By Dick Barrett
Let no debt remain outstanding, except the continuing debt to love one another, for whoever loves others has fulfilled the law. — Romans 13:8
Over the past year or so, Ohio Conference’s Leadership Team, with affirmation from both our pastors and delegates at regional gatherings, has developed a new mission statement to guide us as a conference over the next several years: The Mission of Ohio Conference is to gather, equip and send our congregations by the power of the Holy Spirit to live out God’s Greatest Commandments (Mark 12:29-31) and Jesus’ Great Commission (Matthew 28:18-20). To put it in layman’s terms, “The mission and purpose of Ohio Conference is to Gather, Equip and Send our congregations to Love God, Love Others and Make Disciples of Jesus Christ.”
As I have spent some time recently reflecting on that for which all Christians are called to do — Love God, Love Others, and Make Disciples of Jesus Christ — it seems to me that there is a progression in that triad. We need to first love God. And we can’t love God until we realize how much God loves us and what exactly he has done for us in the sacrifice of His own Son, Jesus Christ. It is only when we come to love God because He first loved us that we can truly love others. When I say “others,” I mean those people who we are closest to, our fellow sisters and brothers in Jesus Christ, those who we disagree with, and even our enemies. And we can’t make disciples of Jesus until we love others in the same way He loves others.

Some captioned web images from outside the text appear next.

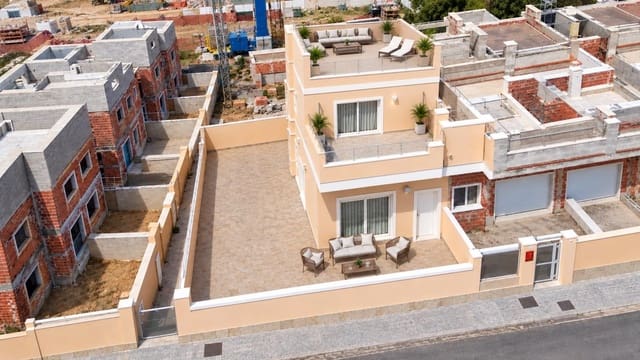 3 soveværelse Rækkehus til salg i Pilar de la Horadada med swimmingpool garage - € 339.900 (Ref: 8886349)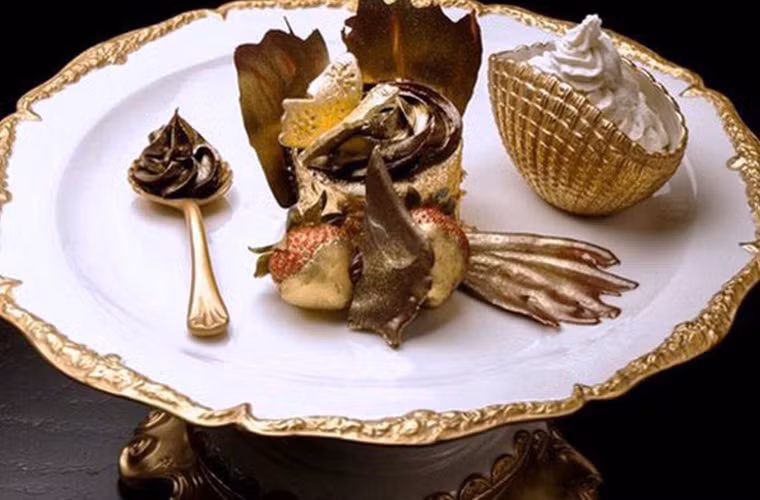 8. “Bloomsbury Gold Phoenix Cupcake”, Dubai, giá 1.000$. Được mệnh danh là món ăn đắt đỏ nhất thành Dubai. Nó hoàn toàn xứng đáng bởi được trang hoàng bằng những viên kim cương siêu đắt. Tuy nhiên, những viên kim cương hấp dẫn này chỉ để ngắm chứ không thể xơi.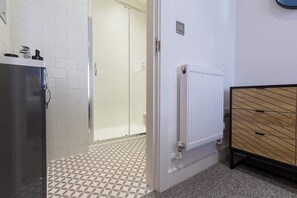 Douche, sèche-cheveux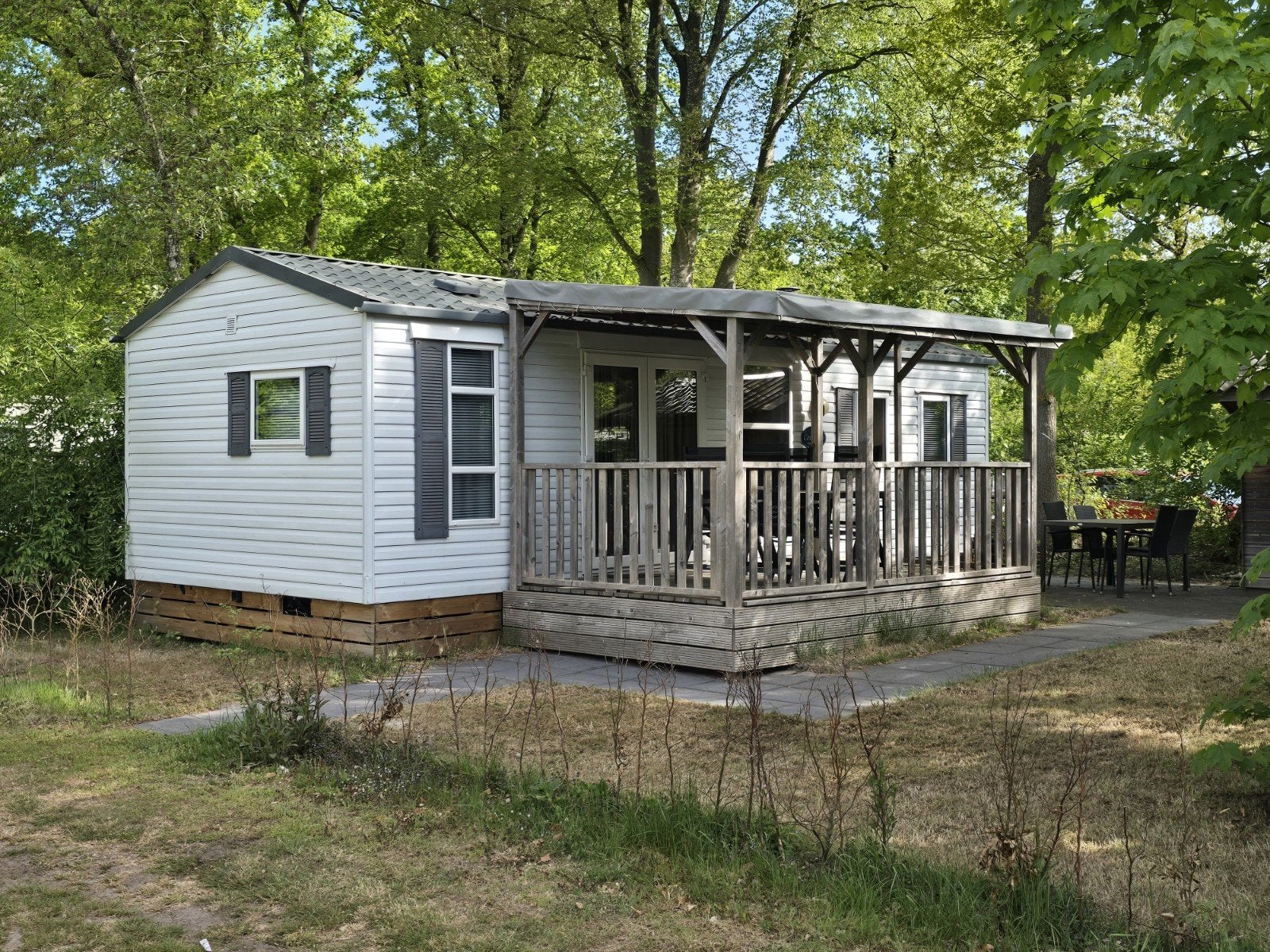 4 pers chalet camping 't hout in Bakkeveen, Caravans en Kamperen, Particulier, Koelkast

There seems to be a strong connection between our love for others, especially for fellow Christians, and unity in the church. God commands both. In Jesus’ great priestly prayer found in John 17 he also connects love for others and unity, saying the world will know how much God loves his people when they are brought together in complete unity (John 17:23). Although Jesus prayed for unity, and as often as we sing the song “They’ll know we are Christians by our love,” that unity is not what the world knows of the church today.
Francis Chan, in his most recent book titled Until Unity, writes, “Christians are currently the most divided faith group on earth, and there isn’t a close second … we have thousands of denominations and ministries, each believing their theology or methodology is superior. The saddest part of this is that our Savior was crucified to end our divisions, commands us to be united, and says we will impact the world when we become one.”
As a conference of Mennonite churches in Ohio and the surrounding states we face a difficult year ahead as we try to answer questions about what it means to be Mennonite today and our future affiliation with Mennonite Church USA (MC USA). The reality is that we have many congregational members and pastors who have very little affinity with who they believe they are in Christ and where they believe MC USA is at today. On the other end of the spectrum, we have some congregational members and pastors who have a strong sense of affinity with MC USA.
As conference minister, I see my most important ministry being the ministry of reconciliation. Actually, I see it as the most important ministry of all Christians (2 Corinthians 5). What does Ohio Conference need to do to stay united and reconciled to one another in Christ? First and foremost, we need to recognize how important love and unity are in the eyes of God. Loving others the way God loves us and unity do not come easily. In fact, on our own they are impossible for us to achieve. They are made possible only through the work of the Holy Spirit, which means that prayer needs to be a primary focus for us as a Conference in the year ahead.
Francis Chan makes the claim in his book Until Unity that our common mission is supposed to lead us towards unity. If that is indeed the case, then my suggestion is that in addition to prayer we focus on the three parts of our new mission statement: Loving God, Loving Others and Making Disciples of Jesus. In the words of the Apostle Paul, let us remember that as Christians there is only one debt that remains outstanding, “the continuing debt to love one another.”